Maçta bazı oyuncular için söylenecek çok tuhaf şeyler var.
Mesela Cenk... Maç boyu var mıydı yok muydu belli değil. Üstelik bitime 5-10 dakika kala çarprazda topu kaptı, sağa çıkarsa arkadaşı Talisca rahatlıkla gol yapacak ama o kaleye şut attı. Top nereye gitti biliyor musunuz?
Taca... Ama aynı Cenk son saniyede kalitesiyle galibiyeti perçinleyen adam oldu.
Mesela Quaresma... Kalitesi asla tartışılmaz ama dün kötü oynayıp hocası tarafından dışarı alındığında eldivenlerini yere atması, hem de hocasının önüne atması, ne kadar doğru?
Mesela Atiba...
Bence bu dönemki Beşiktaş'ın değil, tüm Beşiktaş tarihinin en istikrarlı yabancılarından bir tanesi.
Gelelim maça... Al gülüm-ver gülüm giderken, sahneye Talisca çıktı. Her futbolcunun atamayacağı bir gol attı. Top kaleye doğru gidiyor, nereden baksanız 20 metre mesafe var, üstelik de top sekiyordu.
Ama sol ayağının üst içiyle hem sert hem de köşeye öyle bir vurdu ki dünyada pek az futbolcu başarabilir. İkinci yarı Beşiktaş, genel olarak oyunu tutamadı. Ta ki Tolgay girene kadar.
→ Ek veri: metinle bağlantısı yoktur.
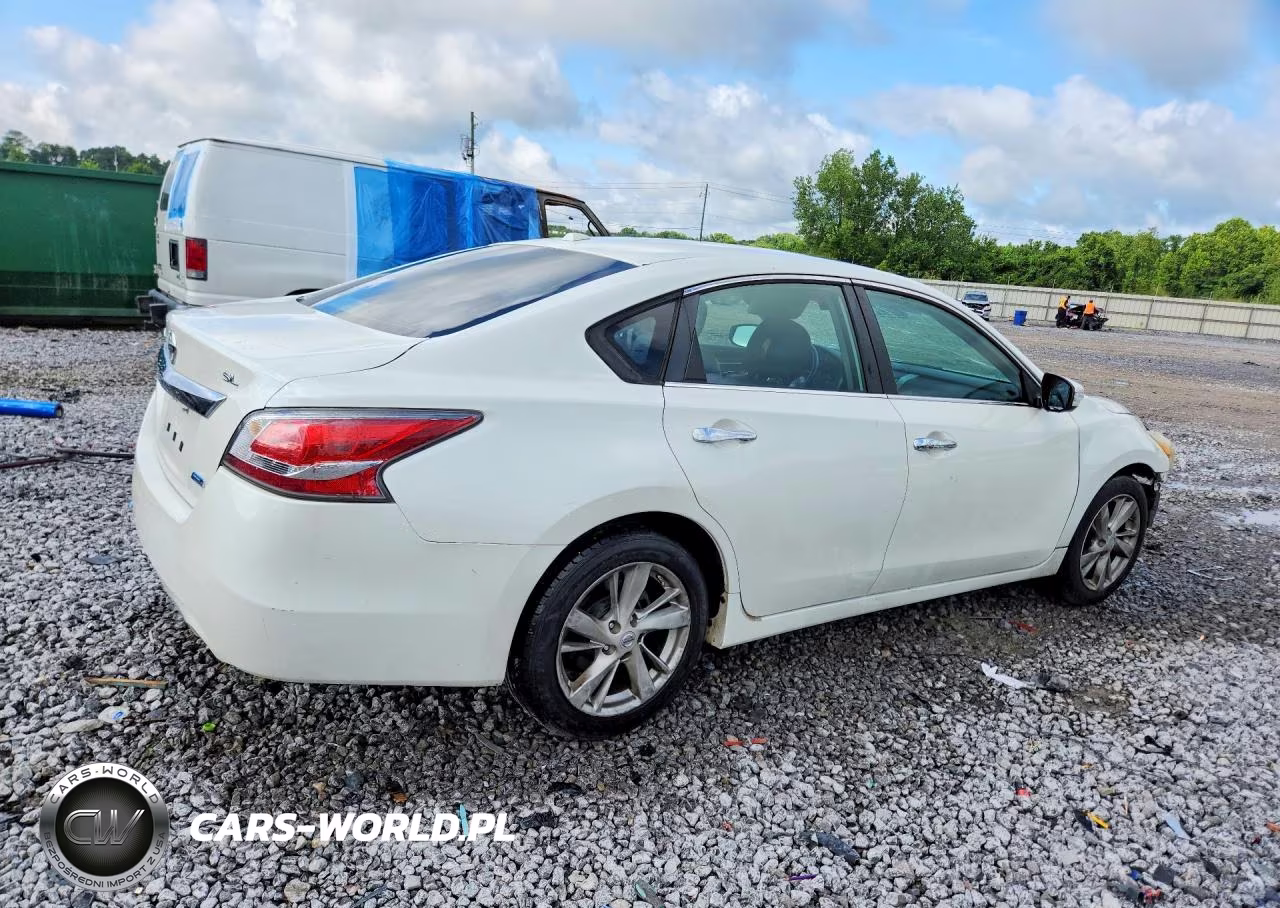 2014 Nissan Altima 2.5 VIN:1N4AL3AP7EC136355 - 3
Tolgay girdi, orta saha direnci arttı.
Beşiktaş oyunu tutabildi.
Beşiktaş'ta son paragrafı Fabri'ye açalım...
Osmanlı'nın tek bir tehlikeli atağı var. O da son dakikalarda vurulan harika şut. Fabri ise kendi sağına uzanıp, Beşiktaş'ı mutlak golden kurtarıverdi. Beşiktaş için dün geceki galibiyet şampiyonluk yarışında çok ama çok kritik üç puandı.